The 2nd Infantry Division (2e Infanteriedivisie) was an Infantry Division of the Belgian Army that fought in the First World War (1914-18) and in the Battle of Belgium (1940) during the Second World War.

== History ==

=== First World War ===

At the start of World War I, the 2nd Infantry Division was known as ‘2nd Division,’ since they were one of only seven active divisions of the Belgian Army in 1914. Commanded by Lieutenant-General Émile Dossin, the 2nd Division had its headquarters in Antwerp, and were initially composed of the 5th, 6th, and 7th Mixed Brigades, all of which are formed from Regiments of-the-line. Cavalry support came from the 4th Chasseurs Regiment, and artillery from the 2nd Artillery Regiment..

In January 1915, Émile Dossin was replaced by Lieutenant-General Honoré Drubbel, who stayed in command until 04 October 1919.

=== Second World War ===
Source:

At the start of the war on May 10, 1940, the 2nd division was assigned the southernmost portion of the Fortified Position of Liège. Along with the 3rd and 7th divisions it occupied the linchpin of the Belgian 'covering position', whose aim was to hold the Albert Canal and Meuse lines giving the French and British armies time to deploy along the K-W Line. The 2nd took up well-prepared positions between the modernised fortresses of Boncelles, Embourg and Chaudfontaine, disposing of several bunkers positioned in two lines.

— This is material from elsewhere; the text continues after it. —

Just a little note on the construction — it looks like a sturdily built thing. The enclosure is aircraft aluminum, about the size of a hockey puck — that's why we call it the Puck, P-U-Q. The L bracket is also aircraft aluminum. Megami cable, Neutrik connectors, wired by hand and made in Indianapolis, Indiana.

However, when war broke out it became soon clear that the 7th division to its far north suffered a major defeat and that the two divisions of the III corps were in imminent danger of encirclement. By the end of 10 May, its units were summoned to immediately withdraw to the K-W Line. During this manoeuvre, the trains that carried the heavy armament of the 2nd's infantry regiments were bombed by the Luftwaffe, causing a large loss of life and material.

Still, the division arrived on the 12th of May on time at its assigned position between Rijmenam and Haacht. First contact with the enemy was made on May 15 by the 6th regiment of the line.

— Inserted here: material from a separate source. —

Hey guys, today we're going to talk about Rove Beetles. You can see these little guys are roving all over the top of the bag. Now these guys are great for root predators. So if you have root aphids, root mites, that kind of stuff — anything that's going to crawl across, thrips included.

On May 16, the order came for a general retreat away from the main line of resistance, due to the German breakthrough near Sedan. For the Belgian army, a retreat was ordered towards the Ghent Bridgehead, which was the last prepared line of defence. In two nightly marches, the 2nd division reached its assigned area between Moorslede and Kwatrecht. During the retreat, the 5th regiment of the line fought an intense rearguard action at the Willebroek canal near Rumbeek.

The section of the 2nd was to be the most exposed position of the Bridgehead south of the Scheldt. Upon arriving, the troops discovered in many places farmers removed the barbed wire obstacles during the harvest. Also, the troops discovered many of the bunkers were either closed or not fitted with the reglementary AT or machine guns. This is testimony of how ill-prepared the Allied command was for such a quick retreat from what it believed would be the main resistance line.

By May 20, the first contact was made with German units. An early German probe with armoured cars towards Ghent in the sector of the 5th regiment of the line was repulsed using T-13 tank destroyers and effective artillery fire, destroying German armour. A German attack on the 6th of the line succeeded in capturing some of the forward bunkers using flamethrowers but was checked when Belgian artillery fire neutralized their supporting guns.

Early May 21, the 6th of the line performed a successful counterattack re-capturing some of the lost bunkers. German attacks in the afternoon, supported by heavy guns and the Luftwaffe were repulsed due to effective co-ordination with the 4th artillery regiment and reinforcements from the 28th line regiment and divisional reserves.

Despite an earlier counterattack by reinforcements from the 4th division and a few tanks, the Germans had more success on the lines of the 5th regiment. Both its 1st and 3rd battalion were pushed back to their second lines, some companies only narrowly escaping encirclement.

By 22 May, the Germans reached the English Channel, cutting the British, Belgian and remaining French armies off. The Belgians were ordered to retreat a third time. The 2nd Division was sent to a sector at the Lys-Bruges canal, near Hansbeke. This time, the 28th of the Line took up the primary position to give the 5th and 6th some time to recuperate. As the Belgians dug in, some counterattacks and artillery duels were fought to keep the approaching Germans from organising an early attack.

As the Lys battle unfolded, the 2nd Division was spared the worst as the main German breakthrough took place to its south. By the end of 26 May the Belgian front along the Lys was crumbling, and the 2nd was ordered to retreat yet again towards an improvised defensive line covering Bruges. Except for some strafing by the Luftwaffe, its regiments did not see action due to the Belgian capitulation on the 28th.

At least 242 officers, NCOs and enlisted were killed in action.

== Structure ==
On the eve of the Battle of Belgium, the division's structure was as follows:

- 2nd Infantry Division
  - Divisional Headquarters
  - 5th Infantry Regiment
    - Regimental Headquarters
    - Staff Company
    - Medical Company
    - Scout Platoon
  - 6th Infantry Regiment
    - Regimental Headquarters
    - Staff Company
    - Medical Company
    - Scout Platoon
  - 28th Infantry Regiment
    - Regimental Headquarters
    - Staff Company
    - Medical Company
    - Scout Platoon
  - 2nd Artillery Regiment
    - Regimental Headquarters
    - Staff Battery
    - 1st Artillery Battalion
    - 2nd Artillery Battalion
    - 3rd Artillery Battalion
- Armoured Anti-Tank Company
- 12th Engineer Battalion

== See also ==
- Belgian Army order of battle (1940)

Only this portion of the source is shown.